• **Input records**:
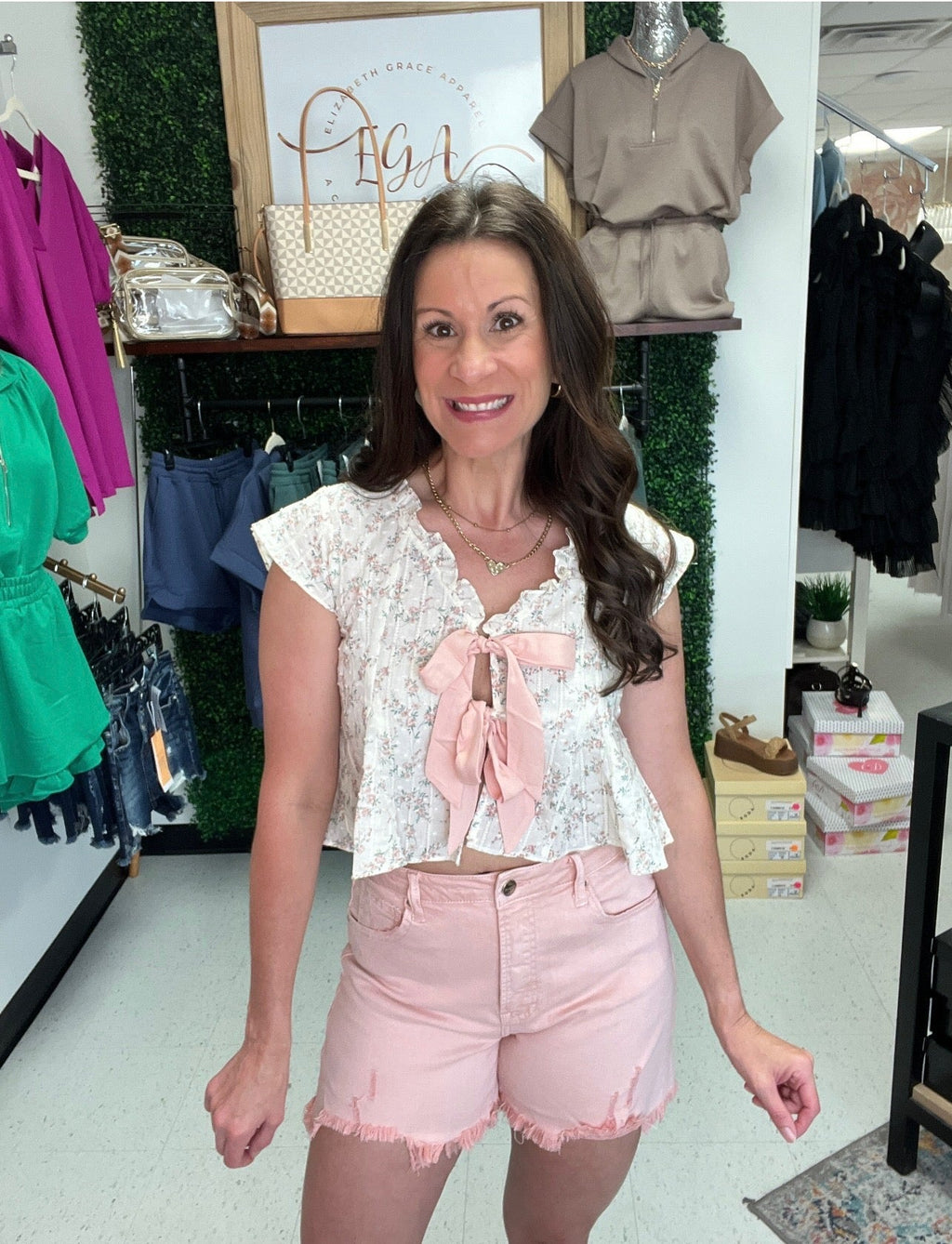 Charming Bow Tie Top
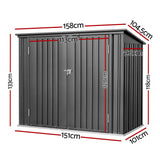 Garden Shed Wheelie Bin Storage Enclosure Outdoor Lockable Steel Cabinet
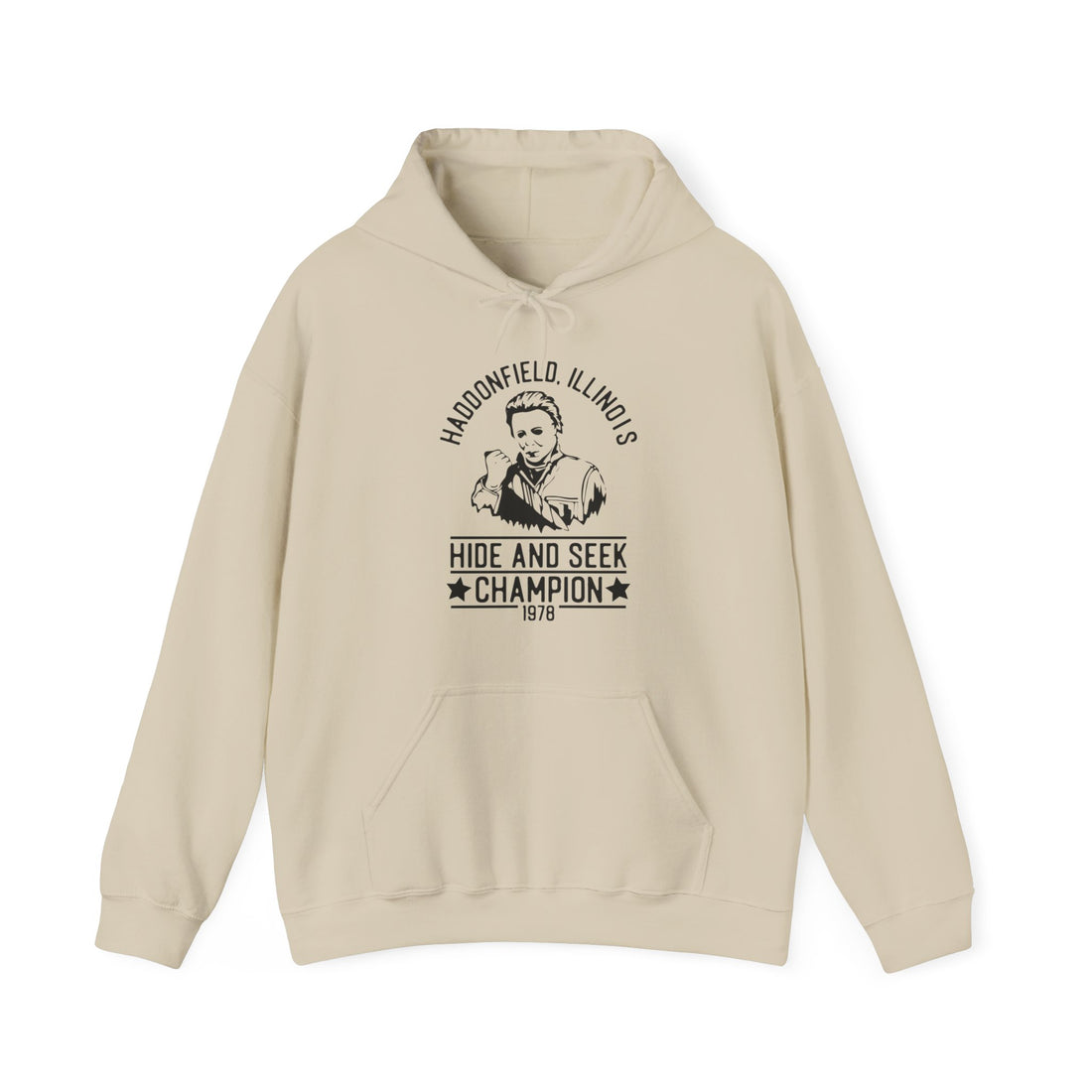 Hide & Seek Champion Hoodie - Graphic Hoodie from Tee Utopia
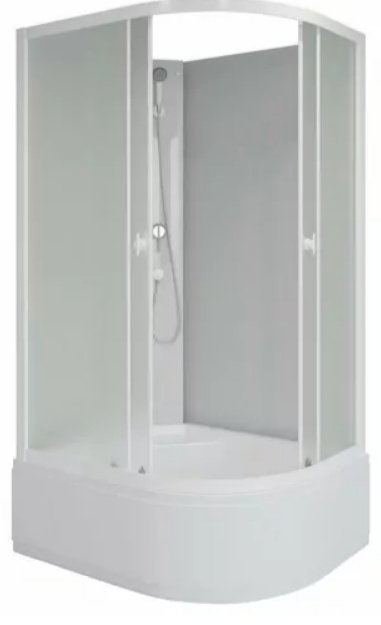 Душевая кабина KABINKA.KZ P100/80/40L/MT/BK (195х100 см), высокий поддон купить,NaN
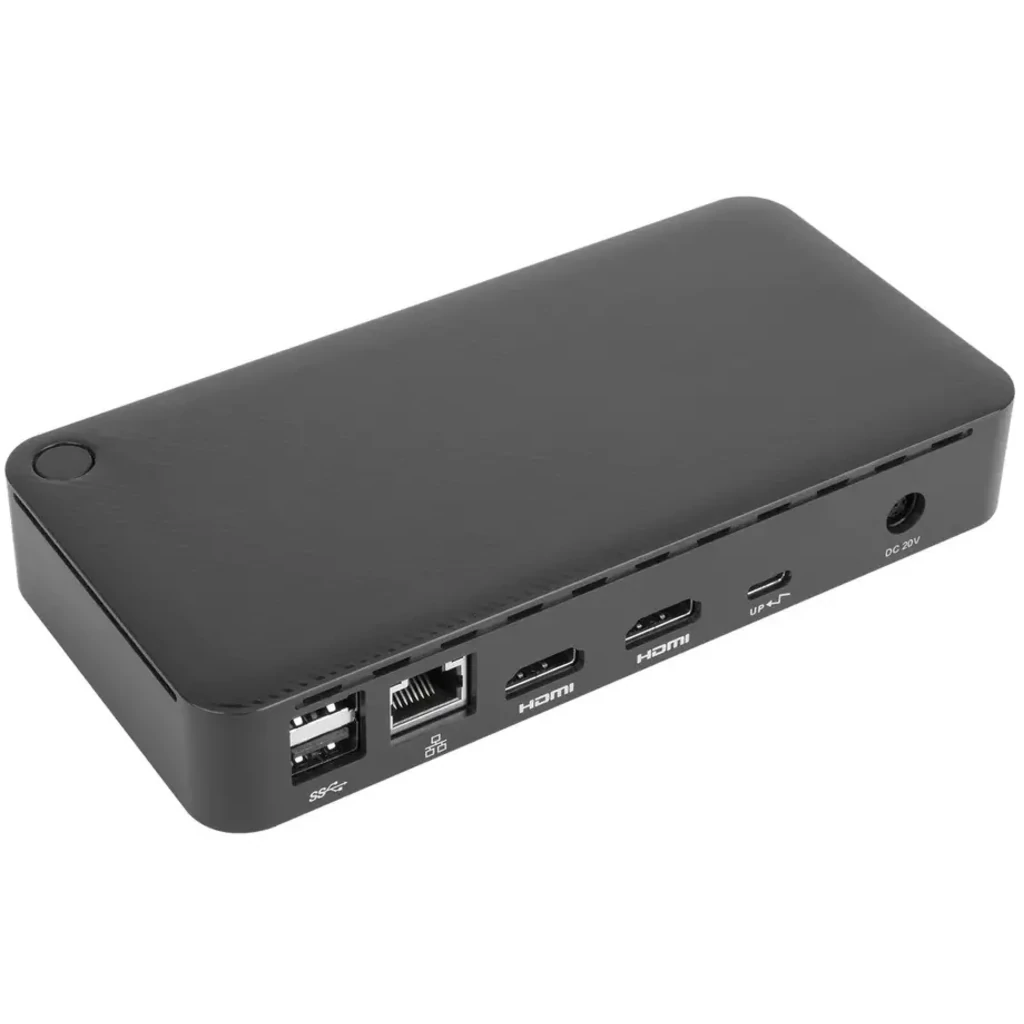 Док-станция Targus Universal USB-C DV4K Docking Station with 65W PD Black (DOCK310EUZ)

• **Task details**:
Only the lines from the one containing "Hide & Seek" through the end of the records are wanted, set down exactly and without their pictures.

• **Answer box**:
 Hide & Seek Champion Hoodie - Graphic Hoodie from Tee Utopia
 Душевая кабина KABINKA.KZ P100/80/40L/MT/BK (195х100 см), высокий поддон купить,NaN
 Док-станция Targus Universal USB-C DV4K Docking Station with 65W PD Black (DOCK310EUZ)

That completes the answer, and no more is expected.